A new study published in iScience found lithium can prevent infected cells from reactivating, and that it does so through an unexpected biological mechanism.
The findings point toward future treatments designed to mimic lithium's beneficial effects while avoiding its broader impacts on the body.
"One major thrust in HIV cure research is asking whether existing drugs can be repurposed. Because lithium is inexpensive and already approved for other uses, it offers a faster starting point than developing a new drug from scratch," said senior author Andrew Mouland, Professor in McGill's Department of Medicine and Head of the HIV-1 RNA Trafficking Laboratory at the Lady Davis Institute for Medical Research.
The results do not mean people with HIV should take lithium, he said. The psychoactive drug can cause significant side effects and has not yet been tested in humans as an HIV treatment.
A step toward a 'functional cure'
An estimated 40.8 million people around the world were living with HIV in 2024. Even with effective antiretroviral therapy, the virus can remain hidden in immune cells and rebound if daily treatment stops.

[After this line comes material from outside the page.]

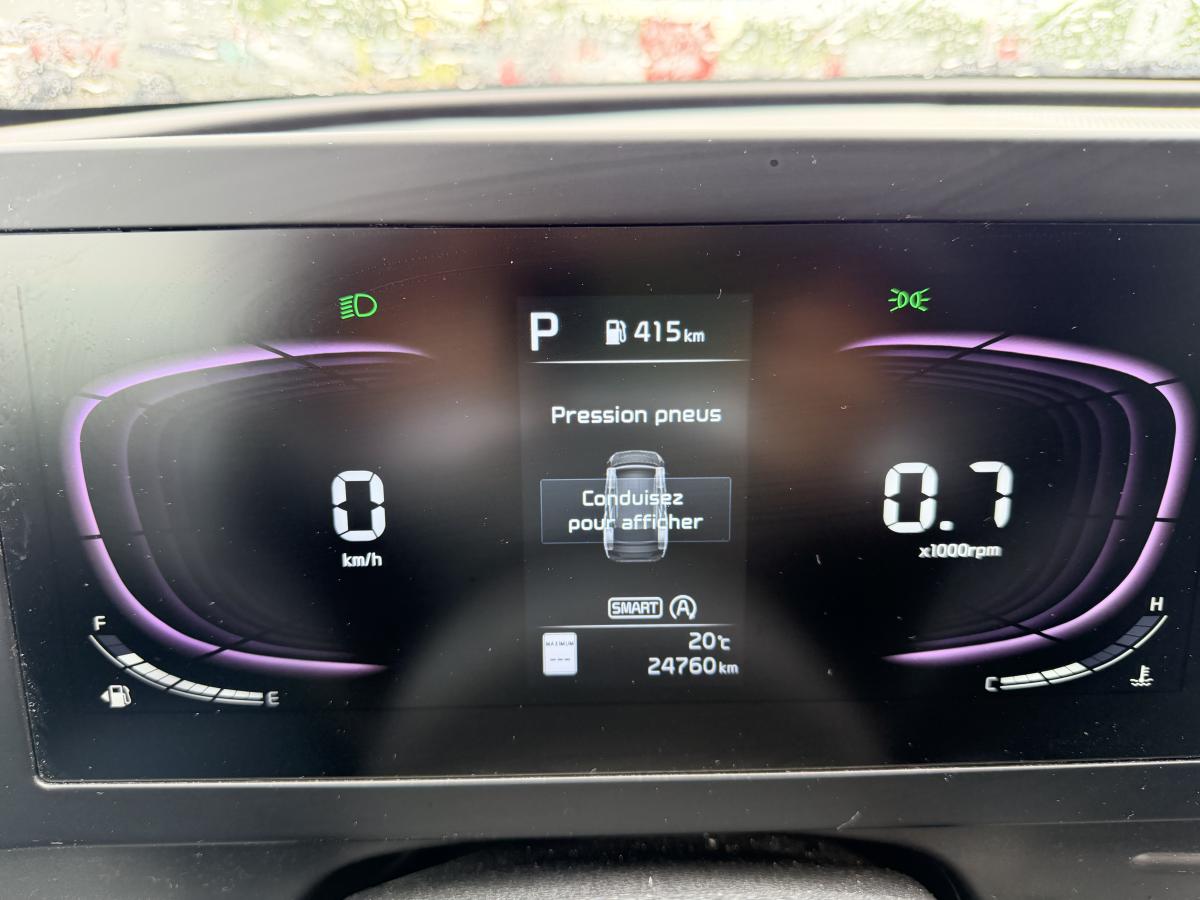 2023 Kia Sportage - Image 16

A "functional cure" aims to overcome this challenge. Rather than eliminating the virus entirely, the goal is to keep HIV dormant, so it cannot restart infection, potentially reducing the need for continuous daily medication.

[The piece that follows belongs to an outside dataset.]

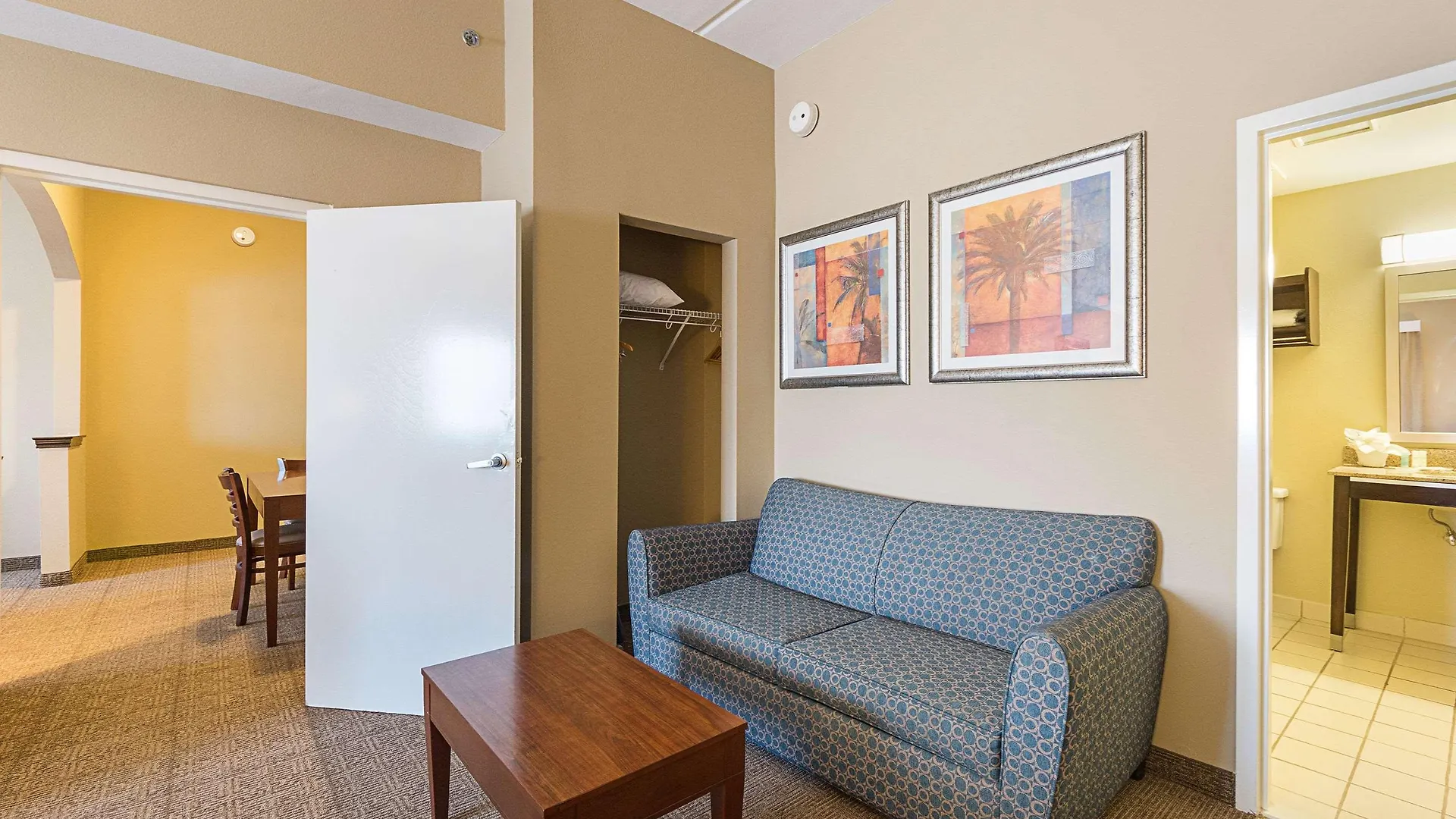 Hotel Comfort Beachside 3*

"In our experiments, lithium directly suppressed HIV reactivation in lab-grown human cells, something that had not been clearly demonstrated before," said first author Ana-Luiza Abdalla, who conducted the work as a PhD student at McGill and is now a postdoctoral fellow at the Montreal Neurological Institute.
As well, the team gained new insights into the mechanism involved.
Earlier research suggested lithium might work by activating autophagy, the cell's recycling system. Because many drugs studied in HIV cure research affect this pathway, scientists assumed autophagy was responsible for keeping the virus dormant.
This study challenges that assumption, made possible by a fluorescence-based test developed by University of Manitoba researcher Thomas Murooka that allows scientists to distinguish between dormant and active virus in cells.
"What surprised us was that the effect persisted even when we disrupted autophagy," Abdalla said. "That suggests other pathways are involved, possibly ones HIV relies on to restart."
About the study
"Lithium attenuates HIV-1 latency reversal in an autophagy-independent way" by Ana-Luiza Abdalla, Gabriel Guajardo-Contreras, Meijuan Niu, Thomas Murooka and Andrew J. Mouland was published in iScience. Funding was provided by the Canadian Institutes of Health Research.